Cerco di capire la lettera che Ousmane Gueye ha inviato alla Fortitudo con fair-play e grande signorilità. “Per quel che mi riguarda non ho sentito nessun coro”, ha scritto la guardia della Tezenis, che invece ha sottolineato "di aver goduto l”onore di di giocare in quel magnifico tempio della pallacanestro, di fronte ad un pubblico che vive a ama il basket". E che, aggiungo io, dovrebbe essere abituato a vedere ed apprezzare gli show dei giocatori con la pelle scura. Magari anche avversari.

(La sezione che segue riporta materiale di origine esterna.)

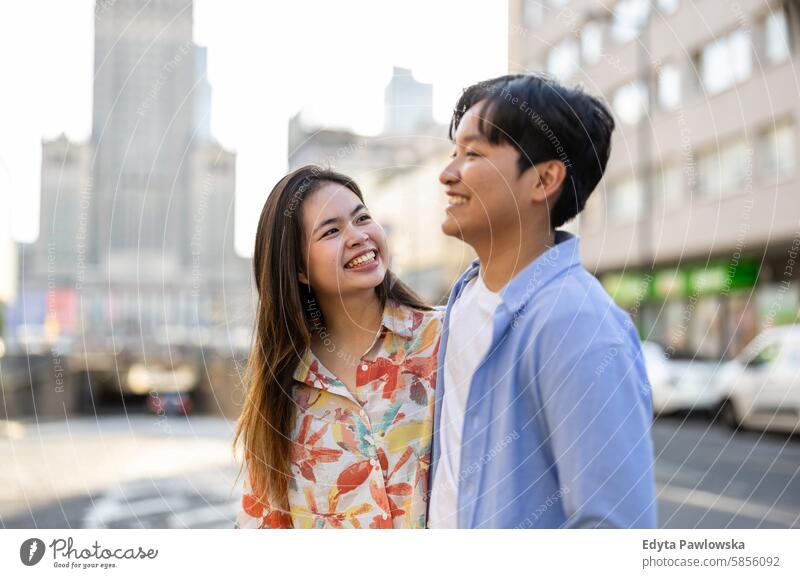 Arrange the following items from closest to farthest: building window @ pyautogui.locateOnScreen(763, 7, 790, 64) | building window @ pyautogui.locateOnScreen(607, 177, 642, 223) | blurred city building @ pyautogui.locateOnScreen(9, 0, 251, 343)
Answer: blurred city building @ pyautogui.locateOnScreen(9, 0, 251, 343), building window @ pyautogui.locateOnScreen(763, 7, 790, 64), building window @ pyautogui.locateOnScreen(607, 177, 642, 223)

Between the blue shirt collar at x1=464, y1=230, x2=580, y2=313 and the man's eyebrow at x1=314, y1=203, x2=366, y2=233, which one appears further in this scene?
the man's eyebrow at x1=314, y1=203, x2=366, y2=233

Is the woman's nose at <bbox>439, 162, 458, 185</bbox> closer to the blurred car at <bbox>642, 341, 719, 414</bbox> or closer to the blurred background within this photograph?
the blurred background

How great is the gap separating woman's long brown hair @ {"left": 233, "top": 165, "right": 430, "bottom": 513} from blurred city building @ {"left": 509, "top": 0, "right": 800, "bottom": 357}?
713 centimetres

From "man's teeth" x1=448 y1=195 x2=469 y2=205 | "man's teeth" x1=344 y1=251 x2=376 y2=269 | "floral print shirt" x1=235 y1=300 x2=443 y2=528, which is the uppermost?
"man's teeth" x1=448 y1=195 x2=469 y2=205

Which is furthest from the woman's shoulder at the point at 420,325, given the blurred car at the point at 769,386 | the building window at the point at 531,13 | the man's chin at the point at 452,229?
the blurred car at the point at 769,386

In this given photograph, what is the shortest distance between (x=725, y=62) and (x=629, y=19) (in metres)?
1.24

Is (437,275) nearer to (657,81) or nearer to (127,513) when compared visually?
(127,513)

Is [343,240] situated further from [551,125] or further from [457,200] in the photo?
[551,125]

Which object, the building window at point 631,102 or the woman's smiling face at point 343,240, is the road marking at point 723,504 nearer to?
the woman's smiling face at point 343,240

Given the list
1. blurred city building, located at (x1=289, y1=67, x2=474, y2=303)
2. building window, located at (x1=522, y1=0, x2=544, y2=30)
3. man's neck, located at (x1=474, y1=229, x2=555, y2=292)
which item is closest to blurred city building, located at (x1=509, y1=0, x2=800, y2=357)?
building window, located at (x1=522, y1=0, x2=544, y2=30)

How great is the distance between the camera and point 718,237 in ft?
41.8

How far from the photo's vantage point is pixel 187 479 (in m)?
5.48

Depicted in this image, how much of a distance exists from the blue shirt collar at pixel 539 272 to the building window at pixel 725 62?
916cm

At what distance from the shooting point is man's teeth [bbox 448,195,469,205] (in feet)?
5.33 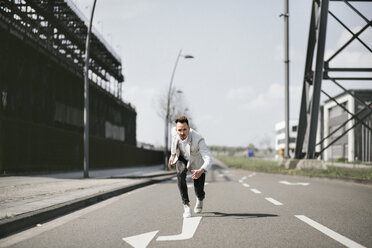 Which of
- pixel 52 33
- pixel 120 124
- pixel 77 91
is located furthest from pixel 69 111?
pixel 120 124

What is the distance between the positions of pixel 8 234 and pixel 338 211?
17.2 feet

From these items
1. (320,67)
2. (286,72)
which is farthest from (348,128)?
(320,67)

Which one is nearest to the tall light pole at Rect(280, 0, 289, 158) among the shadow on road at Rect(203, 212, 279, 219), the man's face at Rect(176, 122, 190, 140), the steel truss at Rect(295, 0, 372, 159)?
the steel truss at Rect(295, 0, 372, 159)

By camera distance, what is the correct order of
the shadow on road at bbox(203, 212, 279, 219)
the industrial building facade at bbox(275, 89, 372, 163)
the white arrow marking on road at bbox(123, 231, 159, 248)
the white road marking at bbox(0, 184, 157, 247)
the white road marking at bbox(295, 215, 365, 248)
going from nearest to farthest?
the white road marking at bbox(295, 215, 365, 248) → the white arrow marking on road at bbox(123, 231, 159, 248) → the white road marking at bbox(0, 184, 157, 247) → the shadow on road at bbox(203, 212, 279, 219) → the industrial building facade at bbox(275, 89, 372, 163)

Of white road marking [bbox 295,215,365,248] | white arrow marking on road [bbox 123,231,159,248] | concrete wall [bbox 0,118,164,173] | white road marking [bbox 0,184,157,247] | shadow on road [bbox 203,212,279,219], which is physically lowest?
white road marking [bbox 0,184,157,247]

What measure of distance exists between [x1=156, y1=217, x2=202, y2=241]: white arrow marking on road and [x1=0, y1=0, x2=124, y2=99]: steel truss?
563 inches

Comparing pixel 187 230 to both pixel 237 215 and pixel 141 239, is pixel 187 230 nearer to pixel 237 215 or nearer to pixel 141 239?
pixel 141 239

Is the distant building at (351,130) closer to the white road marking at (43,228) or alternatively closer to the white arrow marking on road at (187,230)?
the white road marking at (43,228)

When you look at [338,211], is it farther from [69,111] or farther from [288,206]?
[69,111]

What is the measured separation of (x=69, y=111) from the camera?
1032 inches

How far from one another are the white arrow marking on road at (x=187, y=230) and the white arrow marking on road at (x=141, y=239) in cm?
14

Delle due l’una: o Gueye ha voluto glissare con elegante superiorità, oppure sarà il caso di affiancare un otorino al dottor Cannas e al dottor Vittone nello staff medico gialloblù. O forse era talmente incazzato per il quarto fallo (inestistente) che ha stoppato la sua trance agonistica, da avere un improvviso black-out uditivo.

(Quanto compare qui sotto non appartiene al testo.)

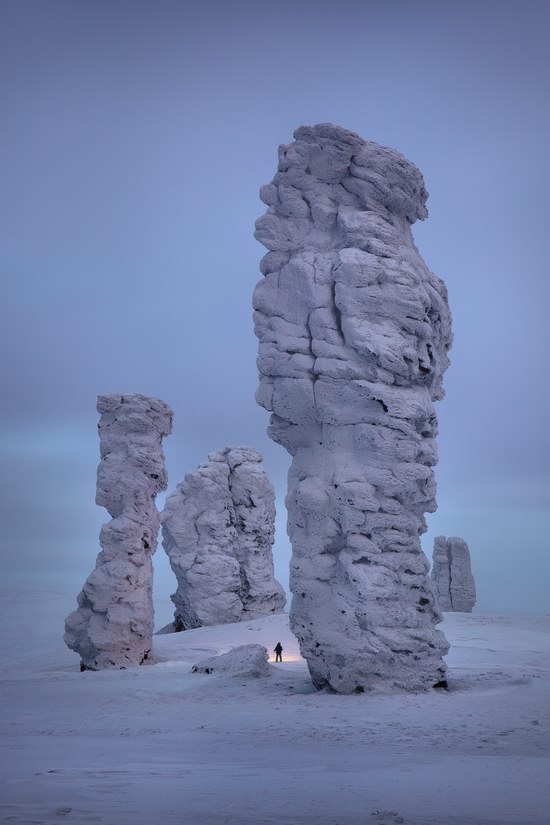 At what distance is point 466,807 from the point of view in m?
4.61

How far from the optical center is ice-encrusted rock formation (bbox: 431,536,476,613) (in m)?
32.3

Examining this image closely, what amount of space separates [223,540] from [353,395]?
15523 mm

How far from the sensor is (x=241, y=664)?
13.0m

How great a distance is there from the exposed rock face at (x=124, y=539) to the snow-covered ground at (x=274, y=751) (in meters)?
3.05

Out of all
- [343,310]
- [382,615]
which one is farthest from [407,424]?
[382,615]

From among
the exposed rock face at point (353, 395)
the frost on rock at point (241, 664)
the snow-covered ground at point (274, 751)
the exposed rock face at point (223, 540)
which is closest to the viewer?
the snow-covered ground at point (274, 751)

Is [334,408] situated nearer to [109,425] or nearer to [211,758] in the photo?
[211,758]

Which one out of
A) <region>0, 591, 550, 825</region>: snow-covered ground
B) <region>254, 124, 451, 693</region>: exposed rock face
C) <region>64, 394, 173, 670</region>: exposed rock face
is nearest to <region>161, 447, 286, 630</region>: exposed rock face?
<region>64, 394, 173, 670</region>: exposed rock face

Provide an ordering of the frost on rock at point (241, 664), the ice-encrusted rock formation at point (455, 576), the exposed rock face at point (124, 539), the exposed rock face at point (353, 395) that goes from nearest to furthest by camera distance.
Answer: the exposed rock face at point (353, 395) < the frost on rock at point (241, 664) < the exposed rock face at point (124, 539) < the ice-encrusted rock formation at point (455, 576)

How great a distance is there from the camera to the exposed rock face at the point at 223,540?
24.8 meters

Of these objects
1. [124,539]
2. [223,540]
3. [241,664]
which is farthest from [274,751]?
[223,540]

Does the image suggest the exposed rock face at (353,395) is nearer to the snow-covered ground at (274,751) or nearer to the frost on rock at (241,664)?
the snow-covered ground at (274,751)

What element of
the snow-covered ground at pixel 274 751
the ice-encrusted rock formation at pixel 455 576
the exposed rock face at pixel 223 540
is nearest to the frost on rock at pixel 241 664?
the snow-covered ground at pixel 274 751

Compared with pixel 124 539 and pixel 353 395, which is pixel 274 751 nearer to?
pixel 353 395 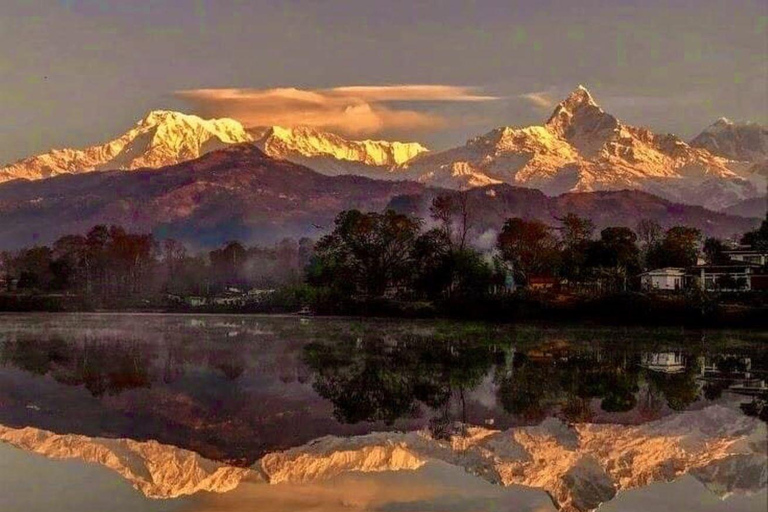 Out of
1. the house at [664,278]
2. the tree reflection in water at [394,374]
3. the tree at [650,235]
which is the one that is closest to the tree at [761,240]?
the house at [664,278]

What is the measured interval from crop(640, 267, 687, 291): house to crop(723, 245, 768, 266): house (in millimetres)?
4754

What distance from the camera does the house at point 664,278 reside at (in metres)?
89.6

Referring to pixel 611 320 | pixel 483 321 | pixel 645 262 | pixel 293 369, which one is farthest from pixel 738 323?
pixel 293 369

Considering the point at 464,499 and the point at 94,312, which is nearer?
the point at 464,499

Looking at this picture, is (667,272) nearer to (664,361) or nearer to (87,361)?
(664,361)

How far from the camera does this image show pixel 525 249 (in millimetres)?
95250

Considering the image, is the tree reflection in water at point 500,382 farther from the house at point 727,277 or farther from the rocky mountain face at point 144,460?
the house at point 727,277

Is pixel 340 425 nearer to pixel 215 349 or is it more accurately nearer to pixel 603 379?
pixel 603 379

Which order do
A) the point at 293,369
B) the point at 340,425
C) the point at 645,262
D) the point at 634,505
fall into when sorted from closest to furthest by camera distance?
the point at 634,505 → the point at 340,425 → the point at 293,369 → the point at 645,262

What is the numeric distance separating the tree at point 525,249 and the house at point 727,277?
1298 cm

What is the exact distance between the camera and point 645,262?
9762 centimetres

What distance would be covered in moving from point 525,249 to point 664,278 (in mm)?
12726

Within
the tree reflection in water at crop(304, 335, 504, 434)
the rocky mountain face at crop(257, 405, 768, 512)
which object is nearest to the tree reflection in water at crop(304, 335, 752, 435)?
the tree reflection in water at crop(304, 335, 504, 434)

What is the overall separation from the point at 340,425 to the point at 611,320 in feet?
164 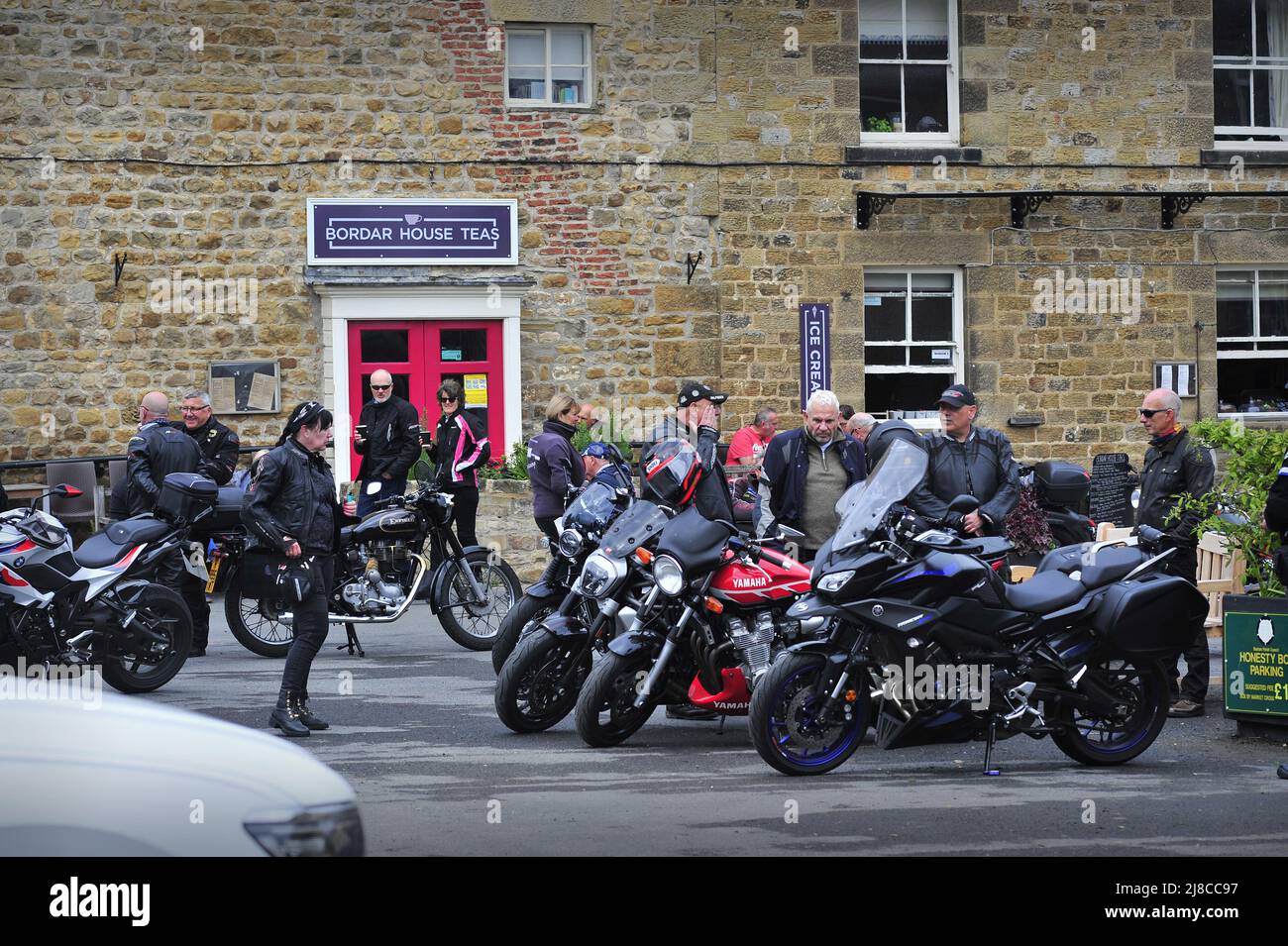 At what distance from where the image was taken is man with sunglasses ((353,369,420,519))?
15008 millimetres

Io al Paladozza c’ero, e i cori li ho sentiti. Quando Gueye è tornato in panchina dopo il quarto fallo dalla curva proprio sopra la tribuna stampa si sono levati i “buuu”, e qualcuno si è spinto oltre insultando il giocatore di colore di Verona. E’ vero invece che i tifosi della “Fossa”, gli storici ultras della Fortitudo, sono rimasti estranei ai cori puniti dal giudice sportivo, che ha multato una società nella quale la bandiera è stato per anni un certo Carton Myers… Per questo i tifosi bolognesi hanno voluto condannare ogni forma di razzismo. Così nella sua lettera Gueye, probabilmente, si è rivolto proprio a loro, e non ai dirimpettai della “Fossa” che lo hanno insultato. Già, perché le offese ci sono state. E non erano ragazzotti, ma adulti. Maggiorenni e vaccinati. Però contro la demenza non esistono vaccini.